Letto, letto, morbido letto, soffice letto, coperte profumate ma perfettamente vissute.
Nor tirò un lungo sospiro mentre si lasciava cadere con la faccia nel cuscino.
Cuscino, oh, il suo cuscino. Il suo amato cuscino.
Chiuse placidamente le palpebre, facendo finalmente riposare gli occhi crepati dalla stanchezza e dall’astinenza dal caffè, circondati da delle occhiaie spaventose.
Erano passati poco meno di tre mesi, ma le sembrava un anno intero.

Caffè.
Nei momenti liberi non riusciva a pensare ad altro, ma doveva immediatamente sradicare quella tentazione dalla sua mente.
Margrethe non avrebbe mangiato, se lei avesse bevuto il caffè. Fa tanto schifo, il latte, se si bevono o mangiano certe cose? Nor non lo sa, ma sa che, se Margrethe è sofisticata e schizzinosa come lei... Allora sì, il latte avrebbe un gustaccio. In ogni caso.
Ma qualche sacrificio, per quanto difficile, bisognava pur farlo, no?

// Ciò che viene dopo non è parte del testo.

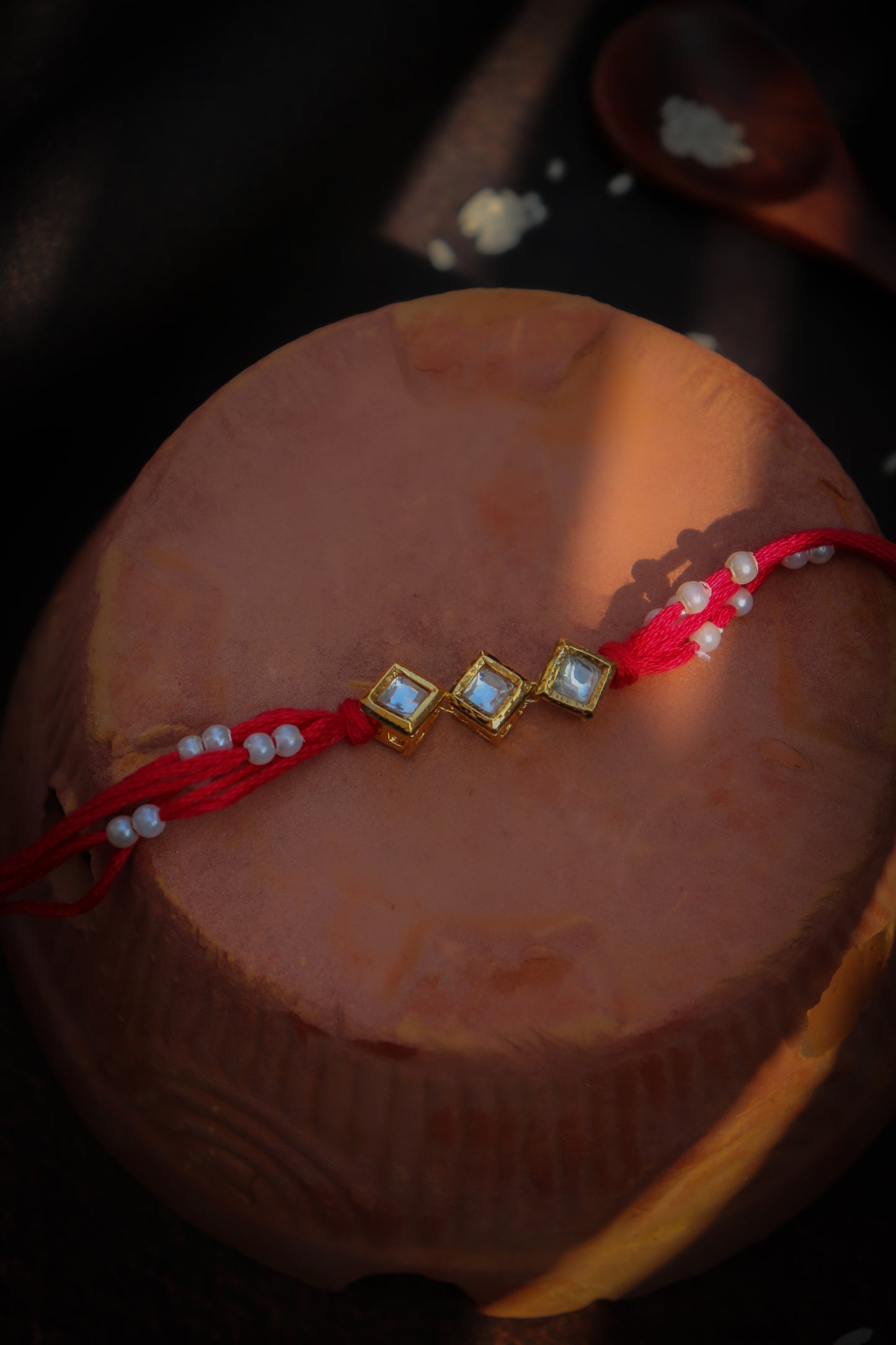 Garuda Red Kundan Rakhi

Si girò a pancia in su, portandosi le mani alle tempie e massaggiandole con un lungo sospiro, sentendo già la pesantezza scivolare tra un sonno ormai imminente.
“Vai a riposarti. Sto un po’ io con lei ~” , le aveva detto Dan con un sorriso enorme, prendendo dolcemente tra le braccia la bambina che agitava le braccine in aria tra vari mugolii.
Doveva ammettere che i primi giorni non si fidava a lasciarla a lui, anche se rimaneva nei paraggi. Santo cielo, Dan fa già abbastanza fatica a badare a se stesso, figuriamoci ad un neonato!
Però non poteva fare altrimenti. Sarebbe impazzita, se avesse fatto tutto da sola. Inoltre, Dan si era rivelato, assieme alle fate, un ottimo compagno di giochi (se non dirattamente un giocattolo) per la bambina. Sembrava che le stesse simpatico, con tutte quelle facce stupide, i capelli altrettanto stupidi che afferrava tra le manine minuscole non appena ne aveva l’occasione, i lunghi discorsi che sicuramente lei non capiva, ma che Dan faceva comunque.
Non avevano mai avuto a che fare con un qualcosa di tanto piccino, per questo erano ancora un po’ impacciati.
Quando avevano trovato Ice tanti secoli fa, era piccolo, sì, ma non così tanto.
Oh, Norvegia se lo ricorda bene, quel giorno. Si ricorda il calore dalla propria pelliccia sulle spalle, le nuvolette di fumo che gli uscivano dalla bocca per il freddo e i lamentosi singhiozzi disperati che gli erano giunti all’orecchio con il vento sferzante e gelido. Si ricorda il fagottino piangente con i capelli color argento nascosto tra le piante, si ricorda il cuore che era sprofondato sotto terra quando aveva incontrato i suoi occhioni ametista, si ricorda che non aveva esitato un attimo a prenderlo con sé e portarlo via. Aveva promesso che niente gli sarebbe mai successo, che sarebbe sempre stato bene, con lui, il suo fratellone, nessuno l’avrebbe mai toccato, nessuno gli avrebbe mai fatto del male, nessuno avrebbe mai portato via da lui il suo piccolo...
-...Ice...- socchiuse un po’ gli occhi, appannati, mormorando con voce impastata la continuazione di quello che era stato un breve sogno.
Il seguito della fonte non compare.